The first deployment of the NRC-TO as a flux measurement aircraft was in 1980, when an experimental fast response carbon dioxide analyzer was mounted to measure the flux of carbon dioxide over corn, forest and water. This study demonstrated the feasibility of aircraft-based flux measurement and showed the spatial variability in the carbon dioxide uptake and sensible heat flux across surface types, consistent with tower-based measurement systems. Building on the success of this project, further flux measurement work took place in Manitoba during the summer of 1985, to measure the flux of carbon dioxide, water vapour and heat above a growing wheat crop. During this project, analysis of data from varying altitudes and flight lengths established that slow instrument response time at low flight altitudes (~10 m) could risk losing high frequency flux contributions and that short flight tracks risk losing low frequency flux contributions associated with large eddies. Project planning to account for fluxes across the full spectral range was to become key in future studies.

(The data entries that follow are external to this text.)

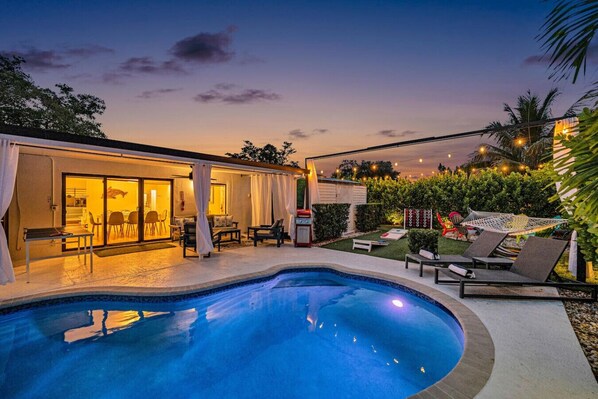 A swimming pool with a sunken seating area, a covered patio with outdoor furniture, and a well-lit garden area with string lights.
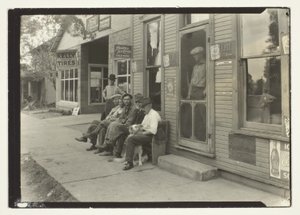 Homens com cão sentados num banco em frente a um armazém geral de Lewis Wickes Hine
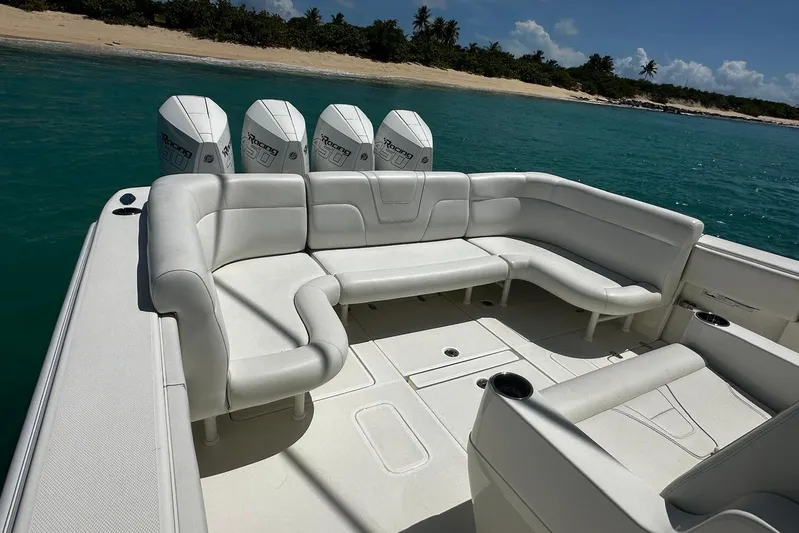  Yacht Photos Pics 2022 SeaVee 390Z boat with white seating, four engines, and tropical beach backdrop.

The NRC-TO took part in FIFE (First International Satellite Land Surface Climatology Project (ISLCP) Field Experiment) in 1987 and 1989 and later in BOREAS (Boreal Ecosystem-Atmosphere Study) in 1994 and 1996. These projects pioneered a multi-scale measurement approach, incorporating plot, field, aircraft and remotely sensed measurements. The NRC-TO proved to be a critical intermediary between field studies and remote sensing, able to produce gridded fluxes of energy, water vapour and carbon dioxide, which were compared to remotely sensed vegetation indices during FIFE, and able to derive regional scale matter and energy fluxes for a mosaic of forest types in BOREAS, when combined with tower-based measurements. Additional efforts by the NRC-TO during BOREAS included studies on a diverse array of topics, from lake induced circulation, flux footprints and the documentation of the boreal forest's equivalent of ‘dust devils'. Further, using 115 km long flight transects during BOREAS, NRC-TO data was used to identify the mesoscale flux contributions greater than 2 km as being one potential source of the persistent flux underestimation problem, which plagues conventional tower-based flux measurement approaches.

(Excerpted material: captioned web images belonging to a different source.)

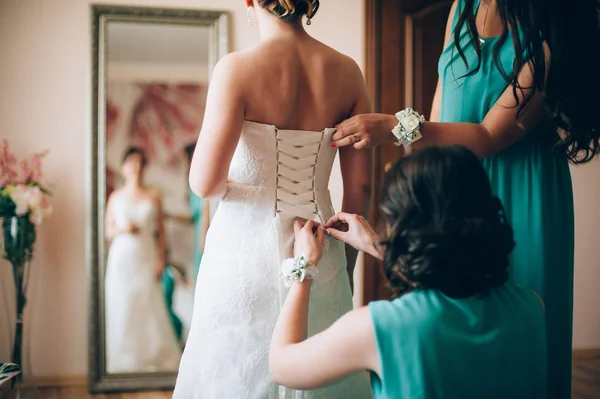 Meninas morenas ajudar a amarrar vestido de casamento branco — Fotografia de Stock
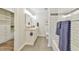 Bathroom with a dual sink vanity, tiled shower/tub, and walk-in closet at 116 Crawford Rd, Hillsborough, NC 27278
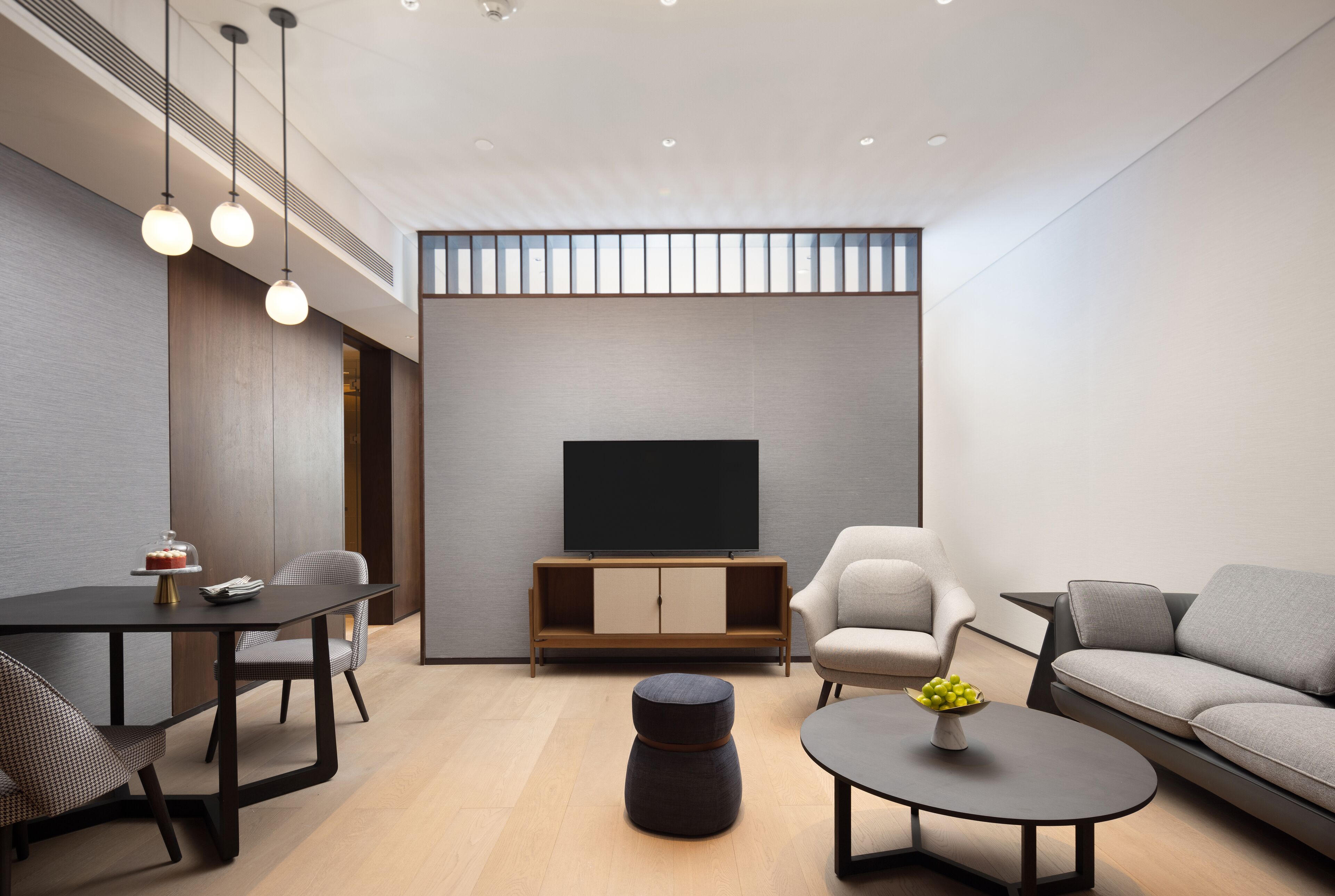 A modern living room with a flat-screen TV, a dining table with chairs, a sofa, and a coffee table.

More recently the NRC-TO has focussed on the flux measurement of agricultural greenhouse gases. Using a novel application of the Relaxed Eddy Accumulation (REA) measurement technique, with the capability to resolve differences in nitrous oxide on the order of 0.1 ppbV, multi-year studies from 2000 to 2004 demonstrated that the ‘spring burst' of nitrous oxide was a widespread regional phenomena in agricultural ecosystems of eastern Canada, and that the timing of emissions was highly dependent upon snowmelt and soil moisture. Combined with tower and remote sensing data, the nitrous oxide flux estimates from the NRC-TO have been used to calibrate regional-scale modelling efforts and to provide insight into national scale agricultural greenhouse gas inventory estimates. Building on the accomplishments of the nitrous oxide study, in the spring of 2011 the NRC-TO conducted the first airborne tests of a fast response methane analyzer, allowing for the first time, concurrent flux estimates of methane by eddy covariance and relaxed eddy accumulation. It is hoped that these results, combined with work from the agricultural field measurement and modeling communities, will improve the accuracy of and reduce the uncertainty of agricultural methane emissions.

Over the past 30 years, the NRC-TO has been an important tool to bridge the spatial-temporal measurement gap between intermittent and continuous observation, between small-scale approach and large-scale approaches. Through international collaborative efforts with scientists in a wide range of disciplines, unique knowledge has been gained into the control, timing, and measurement of surface-atmosphere matter and energy fluxes.